After a decade of 6% growth rates, AMR International estimates that the $30bn worldwide exhibitions industry will shrink by at least 60% in 2020, through the cancellation of hundreds of events. Few expect the market to rebound fully before 2023. The £1bn fundraising share issue by Informa, the world’s largest exhibition organiser, gives some clue to the Covid damage so far inflicted on trade shows.
Informa had overhauled longterm market leader Reed Exhibitions (owned by the RELX information services group) with its £4bn acquisition of UBM in 2018. The relatively easy regulatory approval for the deal underlined the continuing fragmentation of worldwide exhibitions where the top five organisers account for only 15% of the market, and 19 companies for 27%.

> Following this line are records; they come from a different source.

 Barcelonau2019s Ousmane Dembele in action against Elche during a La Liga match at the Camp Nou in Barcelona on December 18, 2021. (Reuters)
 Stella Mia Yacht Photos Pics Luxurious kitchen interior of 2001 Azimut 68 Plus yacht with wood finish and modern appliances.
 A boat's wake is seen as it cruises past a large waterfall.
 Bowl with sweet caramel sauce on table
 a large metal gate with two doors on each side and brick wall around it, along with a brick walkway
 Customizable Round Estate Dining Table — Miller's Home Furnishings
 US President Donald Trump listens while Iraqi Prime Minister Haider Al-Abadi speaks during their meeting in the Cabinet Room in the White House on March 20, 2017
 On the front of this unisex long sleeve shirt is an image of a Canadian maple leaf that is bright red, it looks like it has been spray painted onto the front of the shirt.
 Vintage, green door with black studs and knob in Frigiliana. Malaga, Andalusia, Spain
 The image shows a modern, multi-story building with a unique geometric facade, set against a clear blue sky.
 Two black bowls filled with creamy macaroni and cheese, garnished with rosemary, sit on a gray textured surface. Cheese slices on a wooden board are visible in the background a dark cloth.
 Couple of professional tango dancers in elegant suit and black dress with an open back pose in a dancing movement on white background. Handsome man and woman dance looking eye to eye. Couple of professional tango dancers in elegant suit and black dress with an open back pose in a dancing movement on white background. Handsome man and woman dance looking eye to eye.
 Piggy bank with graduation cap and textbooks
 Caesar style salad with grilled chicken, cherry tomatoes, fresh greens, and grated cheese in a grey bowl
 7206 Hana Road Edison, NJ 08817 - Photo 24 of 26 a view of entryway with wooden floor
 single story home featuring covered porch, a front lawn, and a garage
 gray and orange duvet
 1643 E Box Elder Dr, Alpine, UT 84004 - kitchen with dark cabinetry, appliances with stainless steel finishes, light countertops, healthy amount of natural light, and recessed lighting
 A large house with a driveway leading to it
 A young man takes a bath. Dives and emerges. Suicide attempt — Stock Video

That’s why we might expect major M&A activity over the next year, including, perhaps, the ultimate… a Reed-Informa deal involving:
- The £2.7bn merger of the world’s two largest exhibitions groups
- The merger of Informa’s £560m-revenue Taylor & Francis academic publishing with RELX’s £2.6bn scientific division
The rationale for such a merger has been sharpened by Covid. Trade shows have long seemed to be a non-core business for RELX, accounting for 16% of revenue and 13% of profit. But – together with the Risk & Business Analytics group – exhibitions had been faster-growing than the core scientific and legal publishing divisions. Covid has changed that. Reed Exhibitions (RELX’s smallest division) will – at least for the next two years – also be its worst performing.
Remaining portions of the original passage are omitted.